I've been reading Jeff Rubens new book, _Expert Bridge Simplified_. I quite liked it. A lot of it I was already familiar with (but anyone that isn't would likely benefit a lot from that material), but the stuff that was new to me (e.g. estimating the chances that 2 suits will break such that the same opponent is short in both) was really cool. Even for the stuff I was familiar with, it really cemented some important stuff in my mind. How often this material will actually help me, I'm not sure, but I'll try to pay attention.

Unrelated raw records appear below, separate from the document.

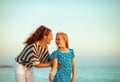 Smiling mother and child on beach in evening having fun time Royalty Free Stock Photo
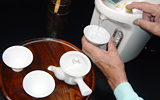 Warm up tea bowls and measure the amount of hot water.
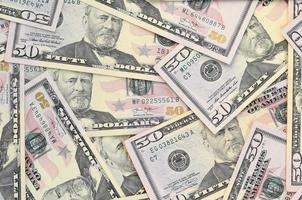 Many US fifty dollar bills on flat background surface close up. Flat lay top view. Abstract business concept photo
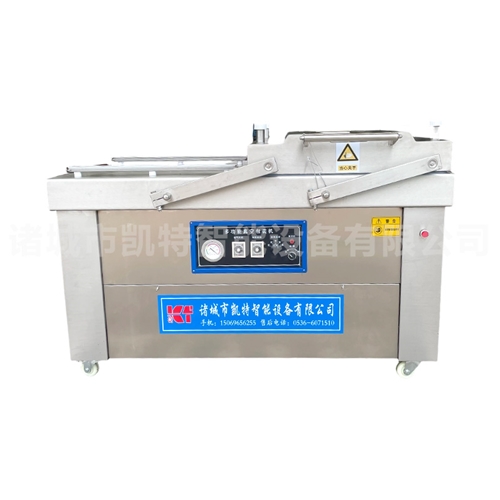 Double chamber vacuum packaging machine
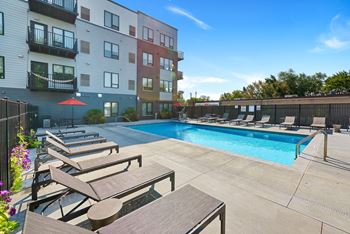 A swimming pool with lounge chairs and umbrellas in front of an apartment building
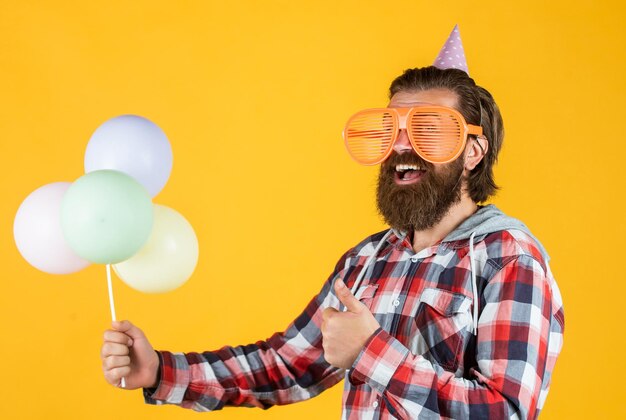 Volwassen knappe man in geruit hemd met feestballonnen verjaardag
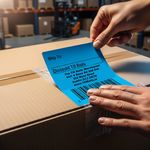 Blue direct thermal shipping label on parcel, ideal for courier use with GLS, DPD, or An Post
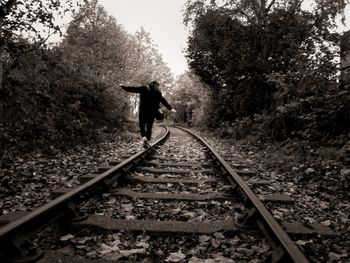 Rear view of teenage boy with arms outstretched walking on railroad track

The subtitle is "arithmetic shortcuts for declarer" and it focuses a lot on choosing approximately the best line. Many problems go to a lot of trouble for an ultimate answer of "who knows" or "you could work a lot longer on this to get a precise answer, but I [JR] am not interested". Also, often it's about convincing yourself you have the best line without necessarily knowing how good it is overall or how much of an improvement it is over the alternative.
So, there were a couple of deals where I thought there was a bit more of interest than JR brought up, but it was within the spirit of the book not to bring it up. Here's one example:
♠ | A K Q 10 3 |
♥ | Q |
♦ | 10 9 8 |
♣ | 10 9 8 7 |
♠ | 5 |
♥ | A J 3 2 |
♦ | A K Q J |
♣ | A K Q J |
After starting 2♣ you wind up in 7N and get a diamond lead. How do you play?
The solution from the book, and my own are both below.
The books solution was to point out that you should play for spades to come in and if they don't you have to choose between a finesse and a squeeze. The squeeze requires the 2 card psuedo-suit of outstanding-major-suit-honors to split 2-0, a bit less than 50%, while the finesse is a straight 50-50 shot and so better. He explicitly says he's not bothering to consider possible info learned from the minor suit distributions because it's too complicated.
In a variant on this problem, that was true, but I think here it's not that hard. You can learn about both minors and most of the spade info before making your final decision: run diamonds (shake a spade) and 3 clubs, then 2 spades (shake a heart) and play a 3rd spade. After seeing East's play, you have to decide whether to unblock clubs and play for the squeeze, or pitch another heart and play for the finesse.
Case 1: RHO shows out, LHO has 5 spades. If the 11 outstanding minor suit cards break 4=7 it's a pure guess based on open spaces. If they break worse, play for the squeeze, better play for the hook.
Case 2: RHO follows. Assume LHO is about to also follow small -- if he shows out then the finesse and squeeze have the same odds (both require RHO to hold HK). Now we know 17 cards (all the minors and the spade spots). If LHO has 6 open spaces (minors break 4=7), then the squeeze is 6/9 * 5/8 + 3/9 * 2/8 = 1/2, while the finesse is only 1/3: play for the squeeze. If LHO has 5 open spaces, then 5/9 * 4/8 + 4/9 * 3/8 = 4/9, the same as the finesse.
This seems to be worth only 1 or 2%, but is not that hard to work out at the table.